2020A&A...640A..81N

Aims. Previous high-precision studies of abundances of elements in solar twin stars are extended to a wider metallicity range to see how the trends of element ratios with stellar age depend on [Fe/H].
Methods. HARPS spectra with signal-to-noise ratios S/N≥600 at λ∼6000Å were analysed with MARCS model atmospheres to obtain 1D LTE abundances of C, O, Na, Mg, Al, Si, Ca, Ti, Cr, Fe, Ni, Sr, and Y for 72 nearby solar-type stars with metallicities in the range of -0.3≤[Fe/H]≤+0.3 and ASTEC stellar models were used to determine stellar ages from effective temperatures, luminosities obtained via Gaia DR2 parallaxes, and heavy element abundances.
Results. The age-metallicity distribution appears to consist of the following two distinct populations: a sequence of old stars with a steep rise of [Fe/H] to ~+0.3dex at an age of ∼7Gyr and a younger sequence with [Fe/H] increasing from about -0.3dex to ~+0.2dex over the last 6Gyr. Furthermore, the trends of several abundance ratios, [O/Fe], [Na/Fe], [Ca/Fe], and [Ni/Fe], as a function of stellar age, split into two corresponding sequences. The [Y/Mg]-age relation, on the other hand, shows no offset between the two age sequences and has no significant dependence on [Fe/H], but the components of a visual binary star, ζ Reticuli, have a large and puzzling deviation.

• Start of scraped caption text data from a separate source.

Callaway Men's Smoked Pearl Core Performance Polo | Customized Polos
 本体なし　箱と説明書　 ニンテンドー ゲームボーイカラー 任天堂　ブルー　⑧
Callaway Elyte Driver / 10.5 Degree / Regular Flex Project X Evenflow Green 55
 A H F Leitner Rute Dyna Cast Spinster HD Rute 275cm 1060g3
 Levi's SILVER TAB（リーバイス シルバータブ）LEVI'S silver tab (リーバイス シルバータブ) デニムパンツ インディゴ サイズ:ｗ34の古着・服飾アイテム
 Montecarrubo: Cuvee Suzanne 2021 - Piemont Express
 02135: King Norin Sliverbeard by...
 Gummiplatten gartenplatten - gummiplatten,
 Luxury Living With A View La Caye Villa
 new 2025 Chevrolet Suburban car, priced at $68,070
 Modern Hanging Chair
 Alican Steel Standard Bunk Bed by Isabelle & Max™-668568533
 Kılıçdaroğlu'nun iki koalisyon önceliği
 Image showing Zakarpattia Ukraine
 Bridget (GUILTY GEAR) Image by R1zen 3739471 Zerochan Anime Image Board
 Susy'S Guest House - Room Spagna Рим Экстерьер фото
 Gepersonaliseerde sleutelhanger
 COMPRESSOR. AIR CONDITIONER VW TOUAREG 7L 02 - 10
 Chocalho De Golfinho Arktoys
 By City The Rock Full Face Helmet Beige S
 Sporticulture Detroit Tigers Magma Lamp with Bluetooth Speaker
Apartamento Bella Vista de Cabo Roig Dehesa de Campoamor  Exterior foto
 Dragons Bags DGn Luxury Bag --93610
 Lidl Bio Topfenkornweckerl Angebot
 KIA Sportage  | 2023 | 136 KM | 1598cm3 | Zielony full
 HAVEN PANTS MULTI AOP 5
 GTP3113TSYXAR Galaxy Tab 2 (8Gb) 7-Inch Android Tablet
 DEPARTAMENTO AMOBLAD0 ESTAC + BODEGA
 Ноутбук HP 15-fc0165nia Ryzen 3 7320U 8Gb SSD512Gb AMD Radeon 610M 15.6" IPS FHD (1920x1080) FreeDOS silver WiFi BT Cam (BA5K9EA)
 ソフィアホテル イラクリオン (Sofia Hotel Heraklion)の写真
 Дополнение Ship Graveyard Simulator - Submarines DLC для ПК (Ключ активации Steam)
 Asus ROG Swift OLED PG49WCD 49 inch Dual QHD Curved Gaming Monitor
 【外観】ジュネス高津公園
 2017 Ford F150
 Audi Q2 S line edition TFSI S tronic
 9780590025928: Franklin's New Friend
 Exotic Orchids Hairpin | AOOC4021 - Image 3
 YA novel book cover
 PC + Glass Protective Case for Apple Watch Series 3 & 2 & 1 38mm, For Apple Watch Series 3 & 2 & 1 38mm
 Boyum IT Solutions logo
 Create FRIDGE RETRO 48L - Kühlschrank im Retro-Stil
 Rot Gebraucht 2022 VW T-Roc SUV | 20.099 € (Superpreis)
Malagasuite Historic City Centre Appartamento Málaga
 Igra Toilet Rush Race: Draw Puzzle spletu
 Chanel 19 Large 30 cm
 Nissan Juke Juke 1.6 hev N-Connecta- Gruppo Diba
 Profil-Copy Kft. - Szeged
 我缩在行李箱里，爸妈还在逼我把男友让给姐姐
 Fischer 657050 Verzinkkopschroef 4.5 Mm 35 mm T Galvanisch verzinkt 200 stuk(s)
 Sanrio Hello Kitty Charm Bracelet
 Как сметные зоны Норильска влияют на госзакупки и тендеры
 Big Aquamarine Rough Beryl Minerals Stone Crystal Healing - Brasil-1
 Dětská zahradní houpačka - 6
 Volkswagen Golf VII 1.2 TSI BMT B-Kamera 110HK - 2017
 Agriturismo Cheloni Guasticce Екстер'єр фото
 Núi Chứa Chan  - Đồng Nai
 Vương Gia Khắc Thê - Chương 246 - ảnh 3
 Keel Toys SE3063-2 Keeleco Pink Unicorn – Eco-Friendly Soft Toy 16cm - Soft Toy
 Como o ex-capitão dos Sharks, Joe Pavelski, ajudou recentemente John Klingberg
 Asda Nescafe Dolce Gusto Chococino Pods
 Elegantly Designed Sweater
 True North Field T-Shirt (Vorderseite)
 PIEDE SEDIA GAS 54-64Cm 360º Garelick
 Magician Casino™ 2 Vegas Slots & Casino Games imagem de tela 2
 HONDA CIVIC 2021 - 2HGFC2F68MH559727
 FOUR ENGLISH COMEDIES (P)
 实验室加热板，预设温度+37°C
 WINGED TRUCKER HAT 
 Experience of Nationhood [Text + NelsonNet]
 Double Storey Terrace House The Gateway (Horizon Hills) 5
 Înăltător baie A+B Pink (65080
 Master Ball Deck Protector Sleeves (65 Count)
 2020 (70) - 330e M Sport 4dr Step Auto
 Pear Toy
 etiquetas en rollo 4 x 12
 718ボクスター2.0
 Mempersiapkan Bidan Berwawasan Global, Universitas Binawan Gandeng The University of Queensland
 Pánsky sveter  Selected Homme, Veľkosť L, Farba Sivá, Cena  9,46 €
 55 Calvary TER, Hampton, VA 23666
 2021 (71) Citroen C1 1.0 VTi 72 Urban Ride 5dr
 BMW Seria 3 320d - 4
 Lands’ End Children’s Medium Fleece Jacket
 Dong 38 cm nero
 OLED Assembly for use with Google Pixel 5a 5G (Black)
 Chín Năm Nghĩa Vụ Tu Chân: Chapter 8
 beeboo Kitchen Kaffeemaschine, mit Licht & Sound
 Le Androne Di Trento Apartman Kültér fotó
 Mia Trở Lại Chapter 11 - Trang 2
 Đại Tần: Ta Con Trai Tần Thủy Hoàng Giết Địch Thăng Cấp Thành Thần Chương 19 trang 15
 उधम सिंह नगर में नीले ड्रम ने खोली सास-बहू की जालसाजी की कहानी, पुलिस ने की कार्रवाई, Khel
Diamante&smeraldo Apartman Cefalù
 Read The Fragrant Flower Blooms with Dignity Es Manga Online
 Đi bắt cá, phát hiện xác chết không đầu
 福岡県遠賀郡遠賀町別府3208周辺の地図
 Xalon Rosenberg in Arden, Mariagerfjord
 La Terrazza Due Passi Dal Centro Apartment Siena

Conclusions. The split of the age-metallicity distribution into two sequences may be interpreted as evidence of two episodes of accretion of gas onto the Galactic disk with a quenching of star formation in between. Some of the [X/Fe]-age relations support this scenario but other relations are not so easy to explain, which calls for a deeper study of systematic errors in the derived abundances as a function of [Fe/H], in particular 3D non-LTE effects.